**What to work on**
Copy every record word for word. The images stay behind.

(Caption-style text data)
_ _ _ _ _

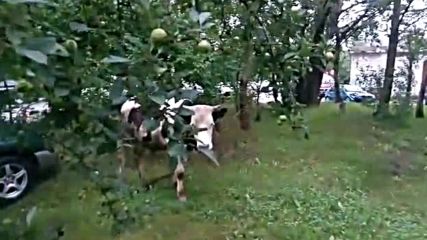 Крави зад общината в "Младост" 3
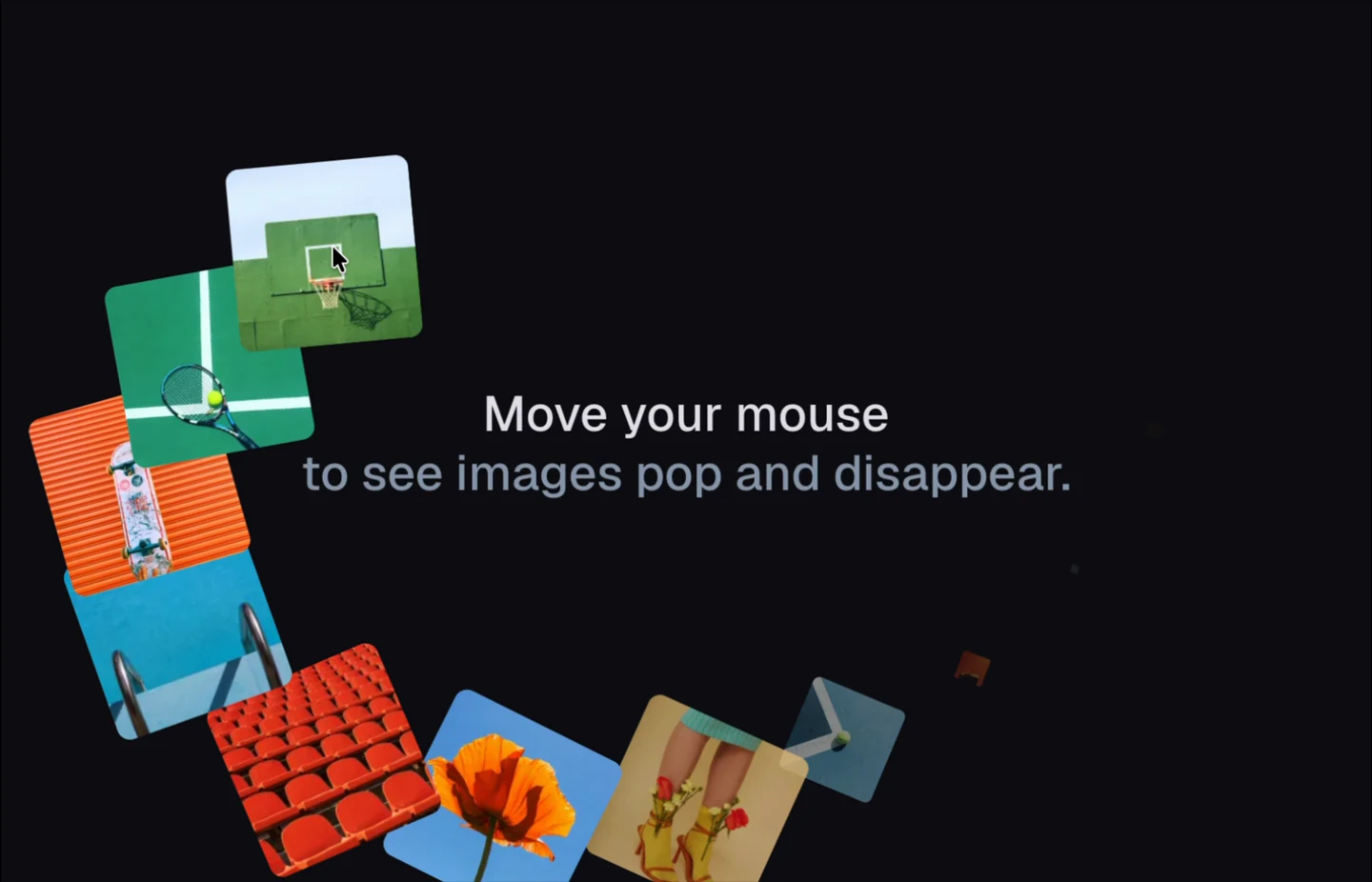 Image Trail preview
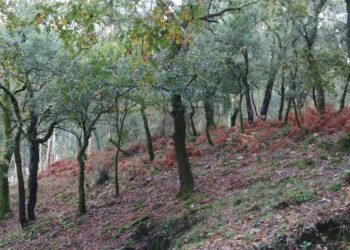 UC: Estudo sobre conservação da natureza do solo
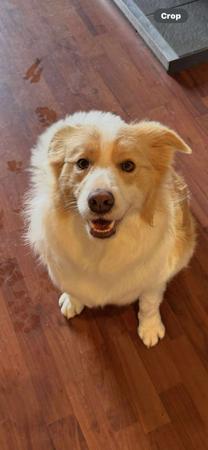 Border Collie for sale by HOBBSVIEW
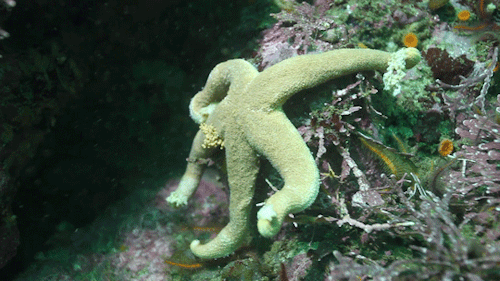 noaasanctuaries:Citizen scientists play crucial roles throughout the National Marine Sanctuary Syste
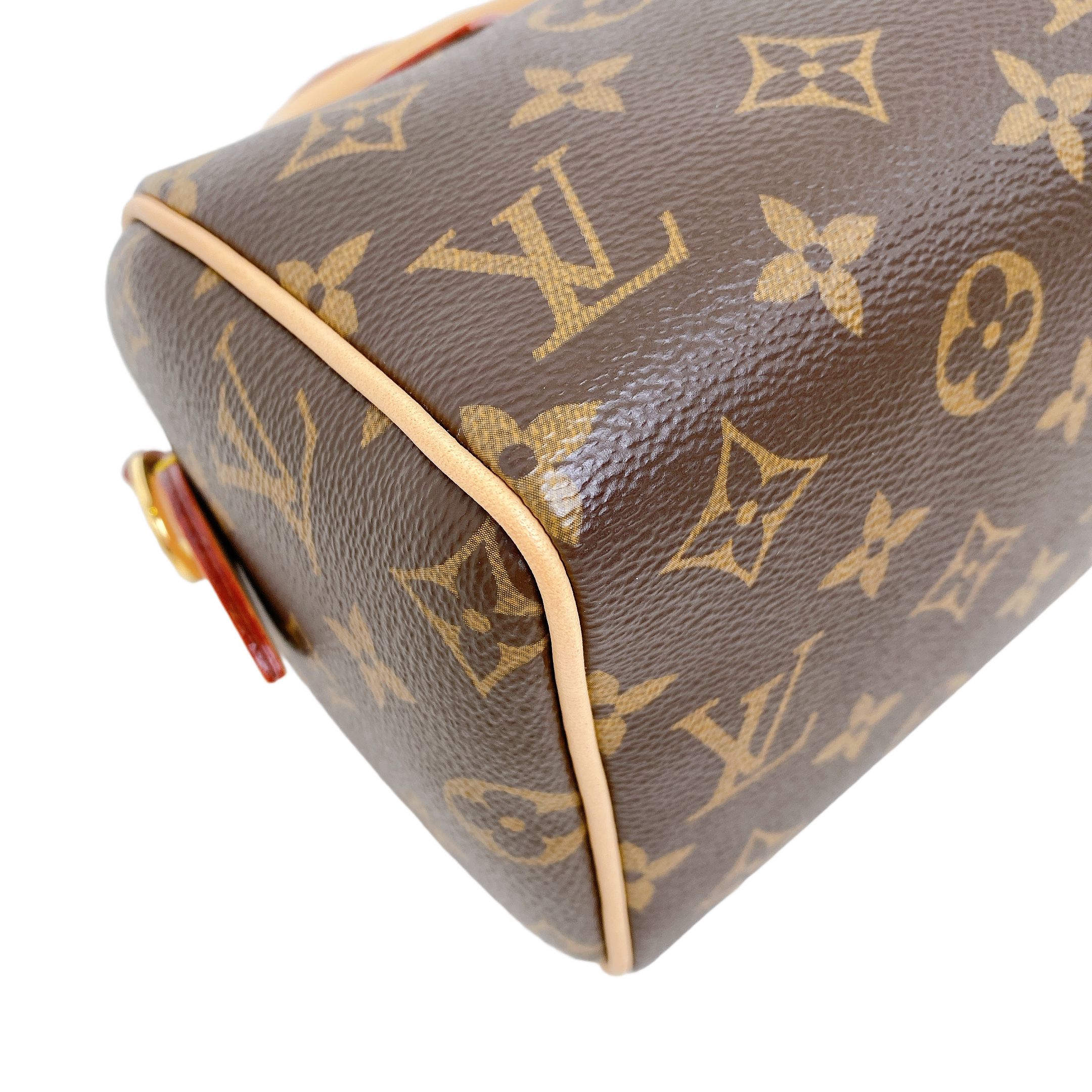 LV SPEEDY B20 MONOGRAM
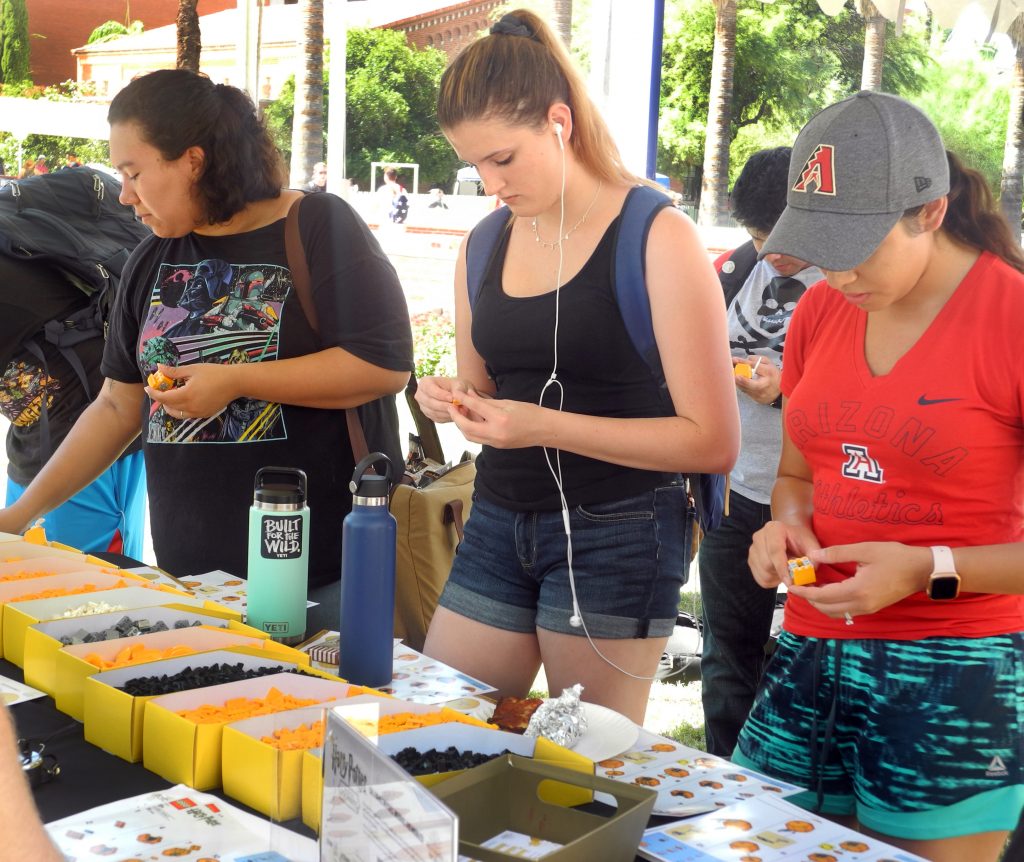 University of Arizona students work to construct Golden Snitches from LEGO bricks during a Back to Hogwarts event.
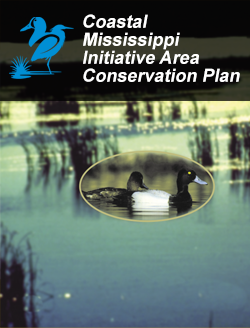 Coastal Mississippi Initiative Area Plan (PDF)
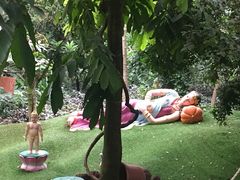 -呀路古热带植物园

_ _ _ _ _

**Solution**
 Крави зад общината в "Младост" 3
 Image Trail preview
 UC: Estudo sobre conservação da natureza do solo
 Border Collie for sale by HOBBSVIEW
 noaasanctuaries:Citizen scientists play crucial roles throughout the National Marine Sanctuary Syste
 LV SPEEDY B20 MONOGRAM
 University of Arizona students work to construct Golden Snitches from LEGO bricks during a Back to Hogwarts event.
 Coastal Mississippi Initiative Area Plan (PDF)
 -呀路古热带植物园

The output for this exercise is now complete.